Indiana’s electric cooperatives have been diversifying their power portfolios for over two decades — even before renewable mandates and stiffer new federal regulations entered the conversation. Here are some ways they generate and use alternative power:
Landfill methane gas projects. Indiana’s two co-op power suppliers — Hoosier Energy REC and Wabash Valley Power Association — have developed landfill gas-to-electricity stations.
Methane is a naturally occurring byproduct of the decaying waste at a landfill and is 20 times more potent as a greenhouse gas than carbon dioxide. It’s been traditionally converted to CO2 by being flared off. Landfill generating facilities instead capture the gas and burn it to run generators that make electricity.
Over the past 20 years, Wabash Valley has developed 15 facilities across north and central Indiana in cooperation with Waste Management landfills. These landfill facilities supply 47 megawatts of baseload capacity. Wabash Valley has one of the largest landfill gas fleets among electric cooperatives nationwide.
Hoosier Energy operates a facility in southern Indiana and one in Illinois and will bring another online in Illinois in June. It’s also in the process of developing another in eastern Indiana.
Coalbed methane. Much like landfill gas projects, Hoosier Energy collects methane that builds in coal beds from 58 wells drilled in Sullivan County and uses it to power generators. Its Osprey Point Renewable Energy Station opened in 2013 at its Merom Generating Station.
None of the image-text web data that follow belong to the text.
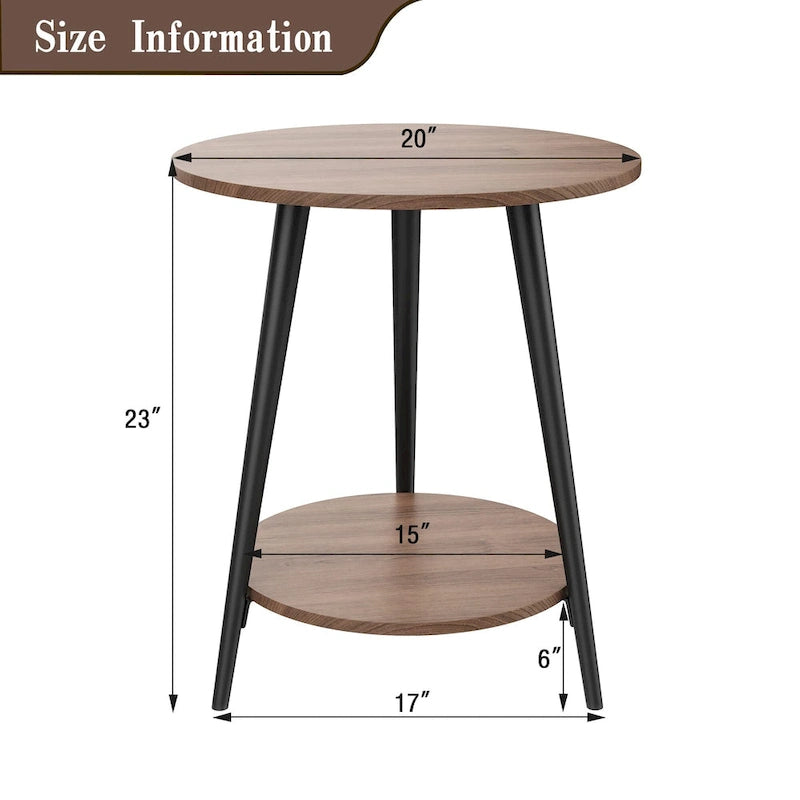 Table d'appoint ronde moderne blanche pour salon chambre à coucher, table de chevet avec plateau en faux marbre à 2 niveaux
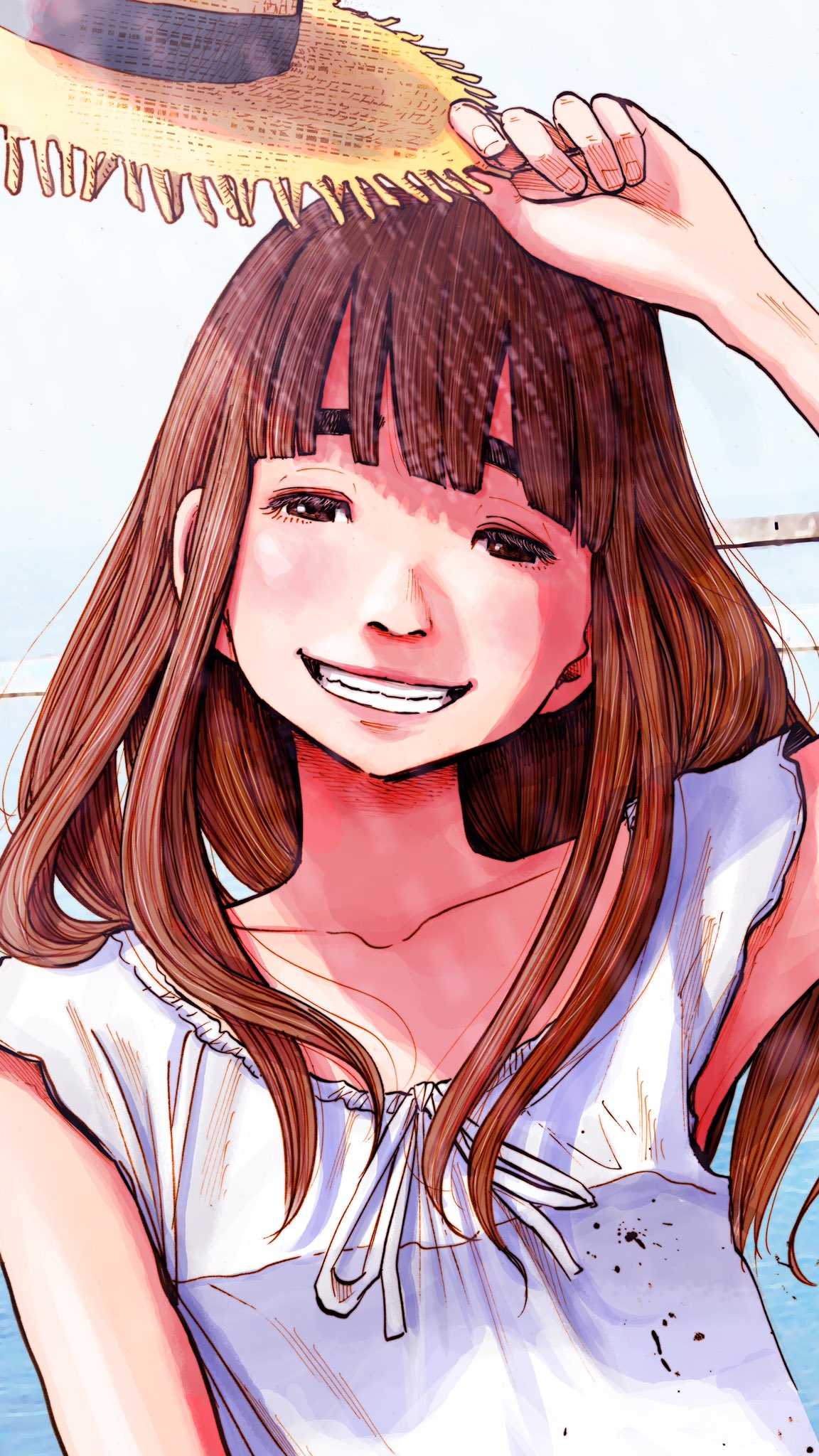 1girl asano_inio bangs blunt_bangs brown_eyes brown_hair hand_up hat hat_removed headwear_removed highres long_hair looking_at_viewer outdoors oyasumi_punpun shirt short_sleeves smile solo sun_hat tanaka_aiko thick_eyebrows upper_body white_shirt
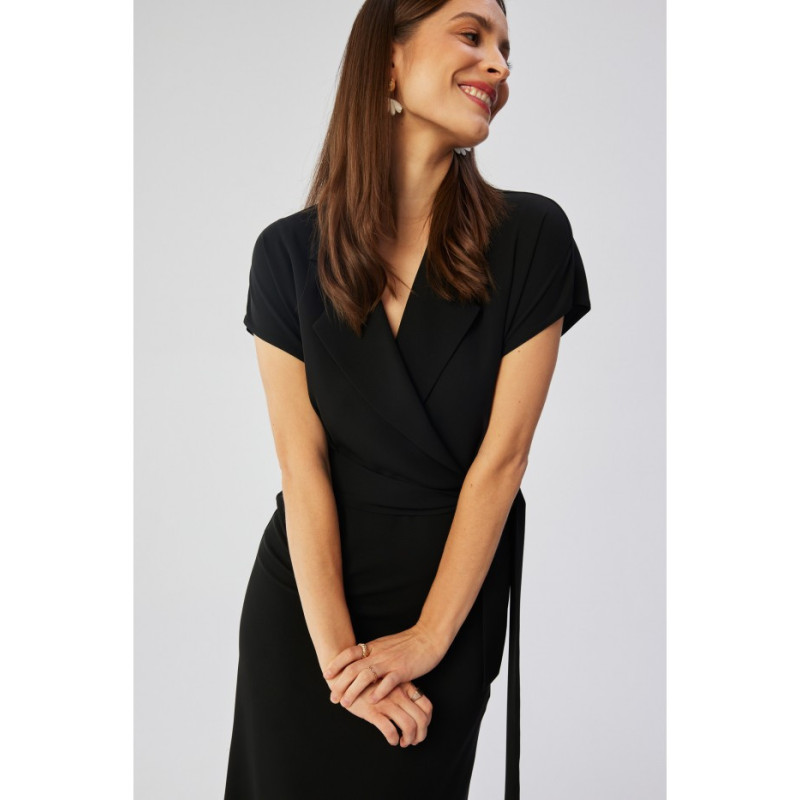 S363 Midi dress with collar - black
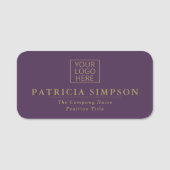 Luxury Dark Violet Purple and Golden：ロゴ 名札 (正面)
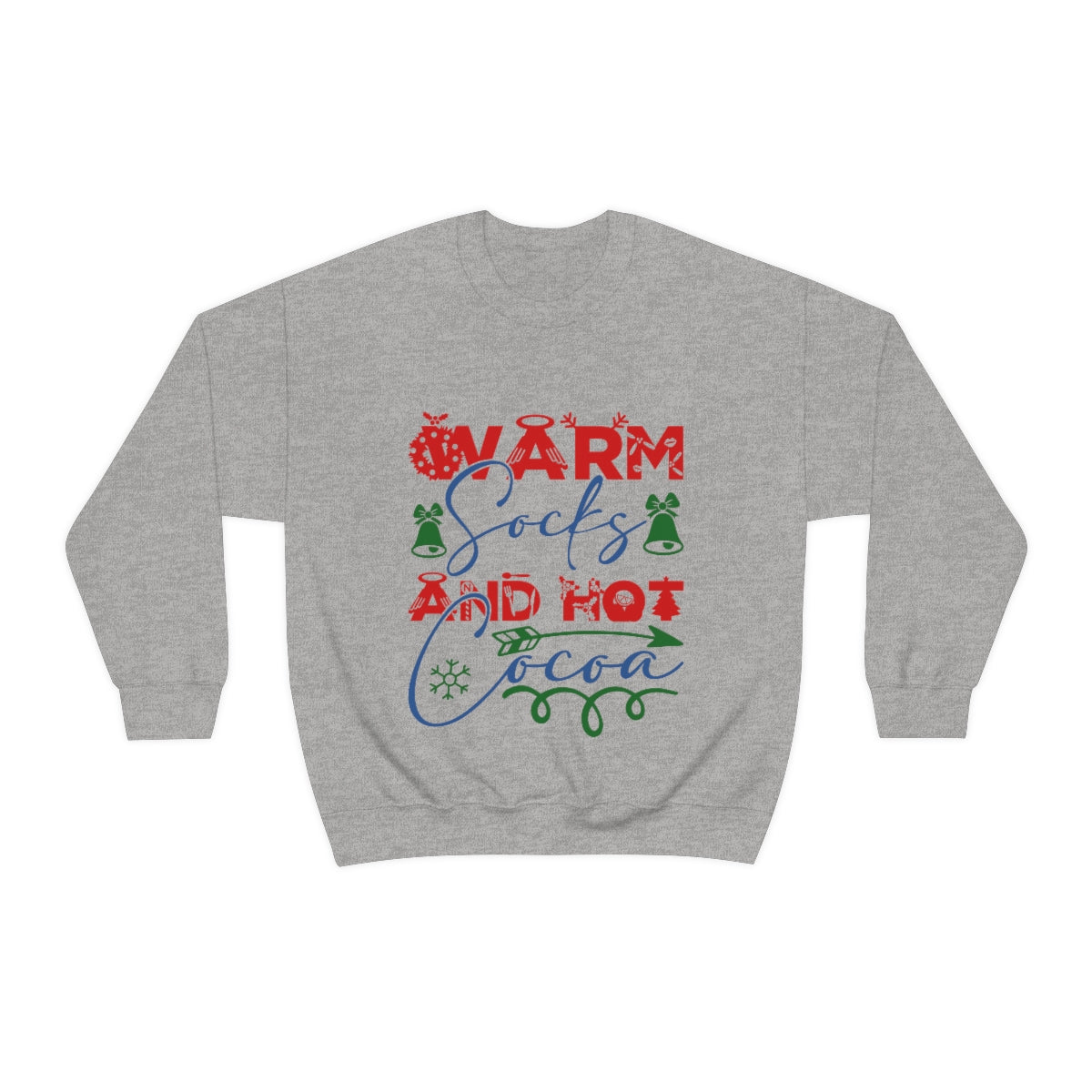 Merry Christmas Unisex Sweatshirts , Sweatshirt , Women Sweatshirt , Men Sweatshirt ,Crewneck Sweatshirt, Warm socks and hot cocoa Printify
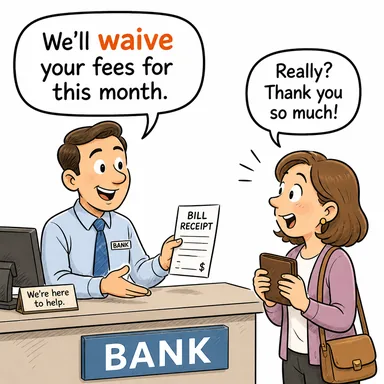 waive (vazgeçmek (haktan), feragat etmek, iptal etmek) karikatürü — diyalogla bağlam içinde öğren
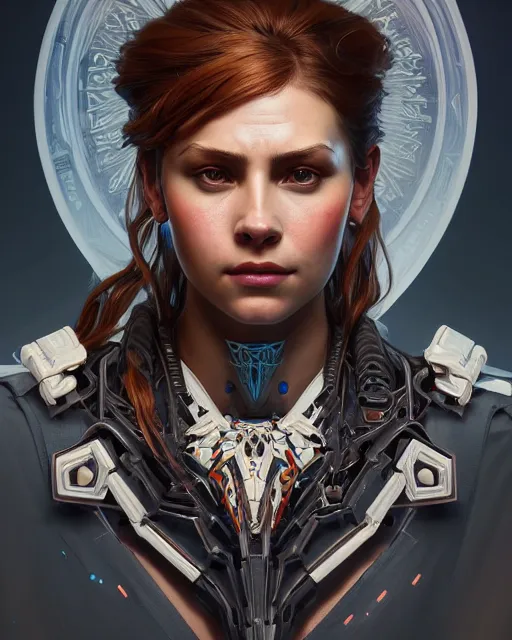 Image similar to symmetry!! portrait of a horizon zero dawn machine, machine face, intricate, elegant, highly detailed, digital painting, artstation, concept art, smooth, sharp focus, illustration, art by artgerm and greg rutkowski and alphonse mucha, 8 k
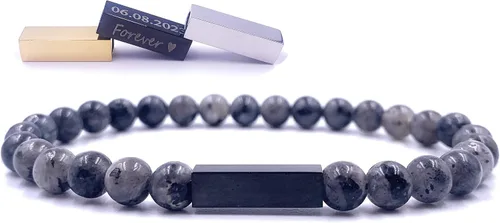 Miniatura 15 de Pulseras de cuentas personalizadas, Pulsera de piedras preciosas de 0.236 in, Pulsera grabada con láser, Pulsera de piedra natural, Pulseras unisex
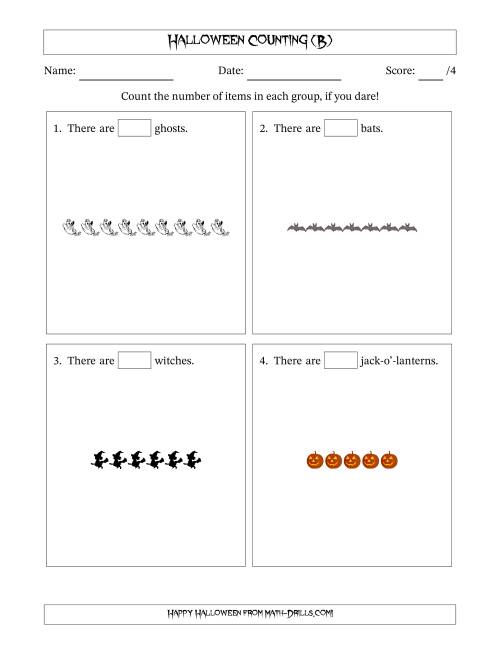 The Counting Halloween Objects in Horizontal Linear Arrangements (B) Math Worksheet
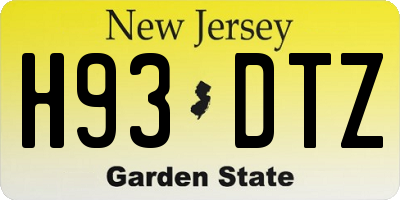 NJ license plate H93DTZ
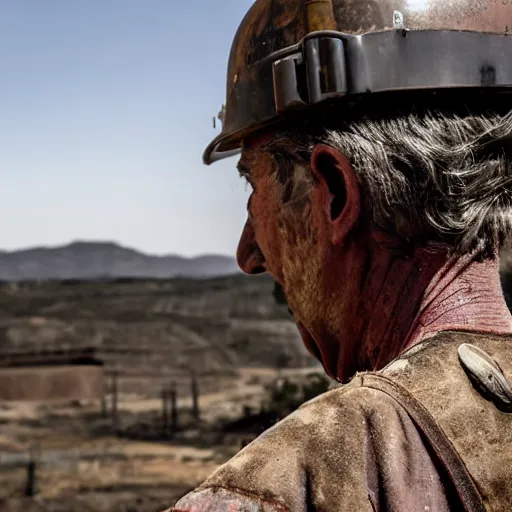 Image similar to Cinematic reverse aerial angle telephoto f2.8 iso 640 over the shoulder of a battle-worn survivor looking over a mid 1800s coal-mining town in the sweltering desert heat, crows in the sky. Photorealistic, award winning, ultra high resolution, intricate details, UHD 8K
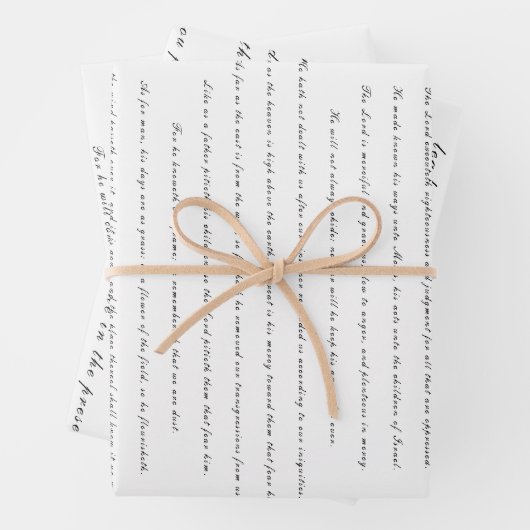 Scriptpsalmen zwart en wit, zwart en grafisch inpakpapier vel (In situ)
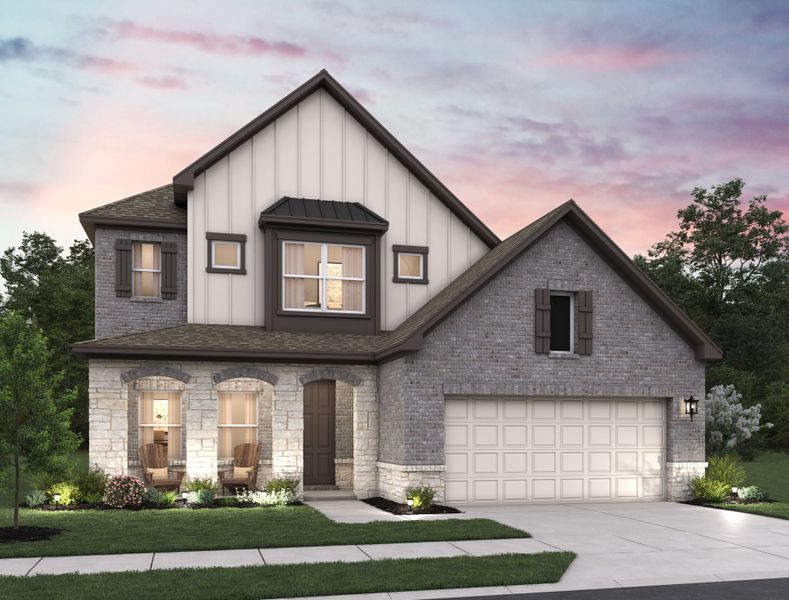 Representative exterior photo of a completed home built from the Jordan by Ashton Woods in Hennersby Hollow, San Antonio, TX (Image 20).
Anaerobic digesters. Wabash Valley has purchase agreements for electricity generated from the methane created by cattle and pig waste at the large dairy and pig farms at Fair Oaks in northwestern Indiana.
Hydropower. Hoosier Energy purchases electricity produced at a hydro plant on the Fox River near Ottawa, Illinois, southwest of Chicago.
Solar. Beginning last year, Hoosier Energy began a three-year project building 1 MW solar farms in 10 areas it serves in Indiana and Illinois. Wabash Valley is building five smaller farms in areas it serves in Indiana, Illinois and Missouri.
Meanwhile, individual electric cooperatives on their own are building or investigating community solar projects. Tipmont REMC, for example, which serves primarily Tippecanoe and Montgomery counties, installed 240 photovoltaic panels in 2014. It leases the output of the panels to consumers who want to invest in solar but either cannot or do not want to invest in panels and installation at their own homes.
National Renewables Cooperative Organization. Both power suppliers are charter members of the Carmel-based NRCO which develops renewable energy projects for co-ops. Wabash Valley’s CEO, Jay Bartlett, is the current president of the organization.
Conservation/efficiency. While not “generating” electricity per se, the myriad of conservation/efficiency programs Indiana’s electric co-ops offer and encourage consumers to participate in follow the idea that the cleanest, most affordable kilowatt-hours are the ones that weren’t needed and, therefore, weren’t generated. Be sure to look in Electric Consumer for info and rebates on heating/cooling equipment, water heaters, recycling programs, the Touchstone Energy Home building program and more.
“The co-ops have been focused on this long before it was trendy and cool,” said Heath Norrick, Hoosier Energy’s manager of renewable energy, “because the right thing to do is to help members use less and save more.”